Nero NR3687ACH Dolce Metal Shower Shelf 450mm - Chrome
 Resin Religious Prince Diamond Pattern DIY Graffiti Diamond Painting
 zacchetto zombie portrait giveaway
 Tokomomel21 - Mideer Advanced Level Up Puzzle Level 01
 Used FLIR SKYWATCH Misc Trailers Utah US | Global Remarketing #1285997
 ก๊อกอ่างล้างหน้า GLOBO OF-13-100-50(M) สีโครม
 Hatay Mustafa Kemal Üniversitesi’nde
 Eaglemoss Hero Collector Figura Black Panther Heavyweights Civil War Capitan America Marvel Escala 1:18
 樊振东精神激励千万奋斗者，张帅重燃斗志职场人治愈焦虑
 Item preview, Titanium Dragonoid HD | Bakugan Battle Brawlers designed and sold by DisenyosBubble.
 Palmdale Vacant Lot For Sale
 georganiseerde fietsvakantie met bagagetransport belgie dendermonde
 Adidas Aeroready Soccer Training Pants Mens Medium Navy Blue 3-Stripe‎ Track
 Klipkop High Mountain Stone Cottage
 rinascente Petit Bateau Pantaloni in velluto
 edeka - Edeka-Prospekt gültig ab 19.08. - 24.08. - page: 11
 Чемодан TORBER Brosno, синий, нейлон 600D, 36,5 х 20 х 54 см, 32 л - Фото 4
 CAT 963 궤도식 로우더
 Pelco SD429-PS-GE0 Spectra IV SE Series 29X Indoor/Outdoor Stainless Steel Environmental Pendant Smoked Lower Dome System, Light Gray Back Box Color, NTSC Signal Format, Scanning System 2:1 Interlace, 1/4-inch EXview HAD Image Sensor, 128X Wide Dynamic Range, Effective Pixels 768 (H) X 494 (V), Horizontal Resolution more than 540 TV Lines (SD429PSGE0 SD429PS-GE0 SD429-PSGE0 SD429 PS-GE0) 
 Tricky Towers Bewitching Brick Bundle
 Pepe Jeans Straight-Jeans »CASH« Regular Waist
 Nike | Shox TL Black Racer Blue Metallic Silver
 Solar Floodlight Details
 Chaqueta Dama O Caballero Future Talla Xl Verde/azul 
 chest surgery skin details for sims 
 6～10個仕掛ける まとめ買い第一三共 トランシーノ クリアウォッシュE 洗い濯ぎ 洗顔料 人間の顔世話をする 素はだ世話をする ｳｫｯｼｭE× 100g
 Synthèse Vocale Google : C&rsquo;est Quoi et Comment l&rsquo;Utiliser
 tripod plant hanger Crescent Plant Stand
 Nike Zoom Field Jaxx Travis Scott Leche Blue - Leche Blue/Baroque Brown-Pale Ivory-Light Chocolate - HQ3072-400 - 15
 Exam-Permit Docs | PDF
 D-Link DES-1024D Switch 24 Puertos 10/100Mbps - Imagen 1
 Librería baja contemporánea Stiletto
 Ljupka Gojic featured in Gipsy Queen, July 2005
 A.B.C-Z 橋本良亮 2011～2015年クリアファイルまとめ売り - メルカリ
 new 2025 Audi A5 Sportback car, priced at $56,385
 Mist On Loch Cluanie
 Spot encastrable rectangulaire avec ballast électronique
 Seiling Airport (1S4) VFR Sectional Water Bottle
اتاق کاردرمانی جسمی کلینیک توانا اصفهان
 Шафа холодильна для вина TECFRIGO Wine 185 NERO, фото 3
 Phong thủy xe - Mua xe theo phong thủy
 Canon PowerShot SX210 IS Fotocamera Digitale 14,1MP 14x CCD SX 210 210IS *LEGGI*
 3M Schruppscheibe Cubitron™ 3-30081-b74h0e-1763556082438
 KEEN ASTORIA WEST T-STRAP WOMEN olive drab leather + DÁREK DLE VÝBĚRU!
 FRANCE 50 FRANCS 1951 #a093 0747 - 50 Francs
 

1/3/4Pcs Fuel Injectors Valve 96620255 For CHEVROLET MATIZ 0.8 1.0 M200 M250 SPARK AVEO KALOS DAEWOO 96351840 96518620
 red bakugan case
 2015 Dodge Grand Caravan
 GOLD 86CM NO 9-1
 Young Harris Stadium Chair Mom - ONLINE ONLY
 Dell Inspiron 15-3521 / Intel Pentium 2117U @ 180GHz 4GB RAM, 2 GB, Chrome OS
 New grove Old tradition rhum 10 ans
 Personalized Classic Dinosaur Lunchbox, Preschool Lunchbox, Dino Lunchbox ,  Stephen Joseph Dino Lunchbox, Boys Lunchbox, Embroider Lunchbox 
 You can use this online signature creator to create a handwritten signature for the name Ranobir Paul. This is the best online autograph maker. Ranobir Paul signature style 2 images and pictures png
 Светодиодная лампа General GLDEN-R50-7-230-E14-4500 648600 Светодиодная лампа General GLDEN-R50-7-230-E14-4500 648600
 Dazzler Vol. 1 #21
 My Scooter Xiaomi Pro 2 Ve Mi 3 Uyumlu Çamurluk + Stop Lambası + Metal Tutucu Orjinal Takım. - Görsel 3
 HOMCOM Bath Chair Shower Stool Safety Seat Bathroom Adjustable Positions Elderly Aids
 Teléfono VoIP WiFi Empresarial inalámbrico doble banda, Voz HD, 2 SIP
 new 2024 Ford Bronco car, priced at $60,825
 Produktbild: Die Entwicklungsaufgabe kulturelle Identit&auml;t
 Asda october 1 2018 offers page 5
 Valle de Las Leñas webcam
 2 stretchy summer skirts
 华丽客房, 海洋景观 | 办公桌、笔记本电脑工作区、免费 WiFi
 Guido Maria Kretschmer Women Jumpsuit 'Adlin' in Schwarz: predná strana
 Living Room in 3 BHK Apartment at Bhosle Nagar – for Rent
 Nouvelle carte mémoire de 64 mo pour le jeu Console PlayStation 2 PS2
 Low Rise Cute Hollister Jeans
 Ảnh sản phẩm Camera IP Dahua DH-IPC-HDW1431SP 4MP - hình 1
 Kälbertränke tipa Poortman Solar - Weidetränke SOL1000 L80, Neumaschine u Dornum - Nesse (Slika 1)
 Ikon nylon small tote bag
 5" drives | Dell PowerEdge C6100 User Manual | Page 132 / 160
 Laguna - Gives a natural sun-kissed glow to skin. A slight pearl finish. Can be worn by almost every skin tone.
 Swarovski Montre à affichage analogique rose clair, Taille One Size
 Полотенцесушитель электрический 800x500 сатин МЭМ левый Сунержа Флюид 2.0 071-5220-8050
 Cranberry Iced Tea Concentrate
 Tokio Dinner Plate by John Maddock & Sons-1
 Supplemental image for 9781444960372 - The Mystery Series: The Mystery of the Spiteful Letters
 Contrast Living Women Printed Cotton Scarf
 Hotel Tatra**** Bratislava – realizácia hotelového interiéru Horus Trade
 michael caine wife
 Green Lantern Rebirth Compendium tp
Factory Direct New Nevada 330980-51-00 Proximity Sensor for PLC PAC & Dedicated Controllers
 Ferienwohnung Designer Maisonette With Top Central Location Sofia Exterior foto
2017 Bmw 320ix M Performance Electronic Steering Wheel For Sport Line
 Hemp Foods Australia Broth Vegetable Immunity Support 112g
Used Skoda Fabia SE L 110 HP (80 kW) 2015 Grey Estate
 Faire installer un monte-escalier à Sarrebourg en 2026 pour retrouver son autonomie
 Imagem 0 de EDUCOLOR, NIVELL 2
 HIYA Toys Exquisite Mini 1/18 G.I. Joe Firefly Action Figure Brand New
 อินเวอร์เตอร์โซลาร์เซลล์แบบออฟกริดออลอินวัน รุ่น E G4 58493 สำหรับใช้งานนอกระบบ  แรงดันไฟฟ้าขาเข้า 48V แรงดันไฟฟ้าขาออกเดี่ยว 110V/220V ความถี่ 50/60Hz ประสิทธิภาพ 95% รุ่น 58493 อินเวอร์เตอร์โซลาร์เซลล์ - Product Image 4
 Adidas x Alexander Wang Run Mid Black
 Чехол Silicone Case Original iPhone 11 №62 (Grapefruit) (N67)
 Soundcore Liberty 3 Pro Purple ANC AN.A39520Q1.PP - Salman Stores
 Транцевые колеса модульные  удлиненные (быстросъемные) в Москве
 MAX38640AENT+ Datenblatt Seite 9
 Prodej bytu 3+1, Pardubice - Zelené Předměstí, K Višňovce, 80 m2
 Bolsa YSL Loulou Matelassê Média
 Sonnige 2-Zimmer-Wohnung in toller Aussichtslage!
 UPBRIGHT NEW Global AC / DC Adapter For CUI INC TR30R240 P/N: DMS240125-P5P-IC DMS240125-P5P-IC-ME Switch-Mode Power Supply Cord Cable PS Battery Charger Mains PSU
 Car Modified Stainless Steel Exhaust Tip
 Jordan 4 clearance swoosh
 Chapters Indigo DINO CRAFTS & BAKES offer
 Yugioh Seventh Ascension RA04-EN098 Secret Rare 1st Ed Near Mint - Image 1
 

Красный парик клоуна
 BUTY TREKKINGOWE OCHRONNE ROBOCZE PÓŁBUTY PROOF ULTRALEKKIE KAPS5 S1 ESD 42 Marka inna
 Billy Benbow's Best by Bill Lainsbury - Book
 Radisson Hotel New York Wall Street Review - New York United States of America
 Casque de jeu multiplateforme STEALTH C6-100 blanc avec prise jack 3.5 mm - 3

________________________________________

◆ What is needed
Among the lines above, repeat exactly those from the line with "Ikon nylon small tote bag" to the line with "Swarovski Montre à", counting both ends.

◆ Task solution
 Ikon nylon small tote bag
 5" drives | Dell PowerEdge C6100 User Manual | Page 132 / 160
 Laguna - Gives a natural sun-kissed glow to skin. A slight pearl finish. Can be worn by almost every skin tone.
 Swarovski Montre à affichage analogique rose clair, Taille One Size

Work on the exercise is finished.